MOSCOW, September 27. /TASS/. The government expects stabilization on the Russian fuel market and a reduction in prices for gasoline and diesel fuel in wholesale and retail, said Deputy Prime Minister Alexander Novak. He was speaking at a meeting of Russian President Vladimir Putin with the Cabinet of Ministers.
"With the equalization of prices and the situation in the wholesale segment, we expect further stabilization of the market and a reduction in prices in the small wholesale and retail segments, primarily at independent gas stations," he said.
According to him wholesale prices for gasoline decreased by 20%, prices for diesel fuel dropped by 16%, since the ban on fuel exports was introduced on September 21.
"We monitor selling prices for diesel fuel in all constituent entities of the Russian Federation; in 23 regions, since the 21st [of September], prices have decreased by an average of 5% on the small wholesale market and at oil depots, the range is approximately from 1 to 17% by region," the Deputy Prime Minister said.
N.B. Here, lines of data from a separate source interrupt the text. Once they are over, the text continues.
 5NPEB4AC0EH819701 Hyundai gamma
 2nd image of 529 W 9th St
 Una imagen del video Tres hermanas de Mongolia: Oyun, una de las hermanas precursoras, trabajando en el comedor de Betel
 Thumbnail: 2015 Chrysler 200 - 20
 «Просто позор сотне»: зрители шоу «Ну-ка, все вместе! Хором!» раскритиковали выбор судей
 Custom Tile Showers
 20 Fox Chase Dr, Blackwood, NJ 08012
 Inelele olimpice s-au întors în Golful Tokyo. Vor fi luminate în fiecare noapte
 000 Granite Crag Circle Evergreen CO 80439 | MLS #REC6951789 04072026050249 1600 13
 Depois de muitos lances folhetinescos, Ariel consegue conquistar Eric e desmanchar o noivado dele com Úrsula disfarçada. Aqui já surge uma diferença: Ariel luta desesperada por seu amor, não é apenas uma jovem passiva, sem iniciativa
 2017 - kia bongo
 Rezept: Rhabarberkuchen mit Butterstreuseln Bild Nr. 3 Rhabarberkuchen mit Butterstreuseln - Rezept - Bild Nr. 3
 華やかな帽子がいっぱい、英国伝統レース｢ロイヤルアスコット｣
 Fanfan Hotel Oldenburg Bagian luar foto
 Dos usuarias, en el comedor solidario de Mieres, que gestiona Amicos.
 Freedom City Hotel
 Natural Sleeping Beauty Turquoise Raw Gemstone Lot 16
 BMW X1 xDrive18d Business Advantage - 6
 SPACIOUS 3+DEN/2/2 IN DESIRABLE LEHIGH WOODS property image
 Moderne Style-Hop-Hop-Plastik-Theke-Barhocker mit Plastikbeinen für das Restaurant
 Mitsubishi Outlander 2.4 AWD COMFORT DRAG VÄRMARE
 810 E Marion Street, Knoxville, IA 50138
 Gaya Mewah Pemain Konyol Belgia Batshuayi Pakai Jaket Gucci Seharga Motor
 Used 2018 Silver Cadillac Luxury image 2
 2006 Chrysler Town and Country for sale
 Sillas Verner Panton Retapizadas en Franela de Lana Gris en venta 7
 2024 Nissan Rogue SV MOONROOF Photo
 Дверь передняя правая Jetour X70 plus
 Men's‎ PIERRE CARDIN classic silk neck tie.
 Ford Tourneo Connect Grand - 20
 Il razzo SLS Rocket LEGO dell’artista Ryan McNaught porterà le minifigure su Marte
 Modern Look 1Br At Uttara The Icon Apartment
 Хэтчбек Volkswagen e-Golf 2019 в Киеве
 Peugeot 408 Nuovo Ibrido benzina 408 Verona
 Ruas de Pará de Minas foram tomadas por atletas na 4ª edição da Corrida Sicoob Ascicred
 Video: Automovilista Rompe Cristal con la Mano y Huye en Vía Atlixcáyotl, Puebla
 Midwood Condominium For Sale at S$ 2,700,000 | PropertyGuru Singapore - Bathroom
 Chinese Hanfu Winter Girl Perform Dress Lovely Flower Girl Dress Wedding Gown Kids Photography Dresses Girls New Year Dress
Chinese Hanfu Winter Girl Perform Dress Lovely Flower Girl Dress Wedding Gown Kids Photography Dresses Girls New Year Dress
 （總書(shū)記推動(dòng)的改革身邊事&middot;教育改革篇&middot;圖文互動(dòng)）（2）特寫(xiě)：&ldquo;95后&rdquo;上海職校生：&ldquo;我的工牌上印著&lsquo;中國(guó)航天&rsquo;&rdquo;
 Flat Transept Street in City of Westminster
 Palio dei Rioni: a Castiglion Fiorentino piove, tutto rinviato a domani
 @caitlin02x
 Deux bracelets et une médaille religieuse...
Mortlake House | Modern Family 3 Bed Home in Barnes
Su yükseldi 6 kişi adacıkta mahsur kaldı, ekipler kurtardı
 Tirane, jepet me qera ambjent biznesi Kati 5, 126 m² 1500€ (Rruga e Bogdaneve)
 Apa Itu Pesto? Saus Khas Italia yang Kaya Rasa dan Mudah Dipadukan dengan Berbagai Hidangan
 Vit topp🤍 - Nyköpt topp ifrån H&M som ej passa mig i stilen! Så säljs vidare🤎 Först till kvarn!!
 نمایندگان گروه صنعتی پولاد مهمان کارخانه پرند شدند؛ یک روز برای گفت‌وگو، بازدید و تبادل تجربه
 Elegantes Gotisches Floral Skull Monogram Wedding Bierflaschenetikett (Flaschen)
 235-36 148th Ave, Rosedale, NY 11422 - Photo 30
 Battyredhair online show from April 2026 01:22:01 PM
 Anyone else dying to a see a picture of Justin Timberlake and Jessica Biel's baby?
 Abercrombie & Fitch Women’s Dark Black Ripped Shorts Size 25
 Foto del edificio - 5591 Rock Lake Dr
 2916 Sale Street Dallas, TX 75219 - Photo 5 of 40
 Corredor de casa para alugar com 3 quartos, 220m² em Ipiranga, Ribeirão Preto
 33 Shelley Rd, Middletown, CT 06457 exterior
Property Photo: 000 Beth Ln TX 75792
Gasoline price increases at gas stations of vertically integrated companies remain close to the inflation rate. Meanwhile, stock prices over the past two months have increased by 15% for gasoline and 30% for diesel fuel. The Deputy Prime Minister explained the situation on the fuel market by the attractiveness of the export alternative to petroleum products against the backdrop of rising world oil prices, a reduction in the discount on Russian oil and the weakening of the ruble, as well as certain logistical difficulties. According to him, the increase in stock prices for fuel in the last two days is a correction after a sharp drop, and now the prices reflect the real situation.
Russia introduced restrictions on the export of gasoline and diesel fuel from September 21.
According to the government decree to that effect, the restrictions are temporary and begin on September 21 "from the date of its official publication," but the document does not specify the expiration date of the restrictions.
According to the Energy Ministry, restrictions on the export of gasoline and diesel will help curb "gray" exports, saturate the domestic market, and may also lead to an additional reduction in prices.